Je t’ai connu plus jeune, plus alerte, plus vif, toujours souriant, toujours avenant, sillonnant le monde lorsque tu dirigeais la diplomatie du pays, parcourant ce même pays quand tu commandais aux destinées du parti de l’Istiqlal. Pas une naissance dont tu ne félicitais les parents, de Tanger à Lagouira, pas un décès où tu ne consolais les familles, d’Oujda à el Jadida. Toujours actif, immensément réactif. C’est pour cela que les Istiqlaliens te vouaient toute cette admiration, et que les autres t’ont témoigné leur affection.
Tu as eu à ferrailler contre de grands dinosaures, mais toujours dans la modération. Et quand il t’arrivait de t’irriter, tu le faisais avec ton inimitable accent marrakchi qui faisait passer bien des choses et douter bien des personnes. Tu savais y faire, incontestablement.

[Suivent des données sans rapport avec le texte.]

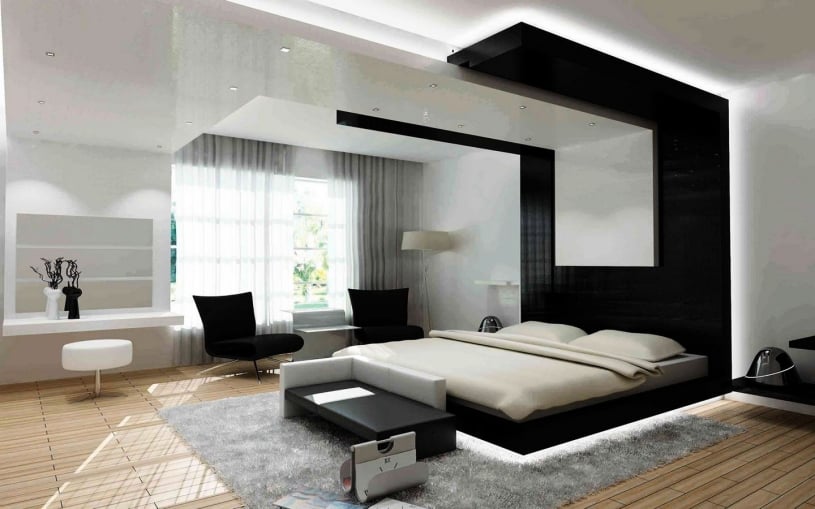 Ultra-modern master bedroom featuring a high-contrast black and white color palette, architectural cove lighting, a glossy floating ceiling feature, and minimalist furniture on light wood flooring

Je me souviens du jour où, m’oubliant, je devais conduire une conférence à laquelle tu étais venu assister à Marrakech, et que tu m’avais prévenu, une poignée de minutes avant l’ouverture de la séance, que si je lisais mon allocution en français, tu quitterais la salle. Il est vrai que face au secrétaire général de l’Istiqlal, il aurait été mal venu de lire un texte
en français. Tu m’avais dit, avec ton sourire en coin et ton regard impitoyablement malicieux, que tu ne comprenais pas le français… Tu m’avais dit cela, sur un ton goguenard, toi le Sorbonnard. Je me souviens quand, piaffant d’impatience d’entrer au parlement, et emporté par la fougue de ma jeunesse tout aussi emportée, tu m’avais suggéré d’aller encore « mijoter » quelques années à feu doux. J’en avais été profondément marri, tu en avais beaucoup ri, mais plus tard j’avais compris. Et aussi ri.
De ton temps, le parti de l’Istiqlal était grand, comme les grands qui t’accompagnaient et t’assistaient dans sa direction. Tu l’avais digéré avant de le diriger et lorsque tu le gérais, tu as eu à ingérer bien des couleuvres, mais tu l’as fait, et tu as maintenu ton si cher Istiqlal à la place qui a toujours été la sienne, dans le cœur des Marocains, et dans leur esprit aussi.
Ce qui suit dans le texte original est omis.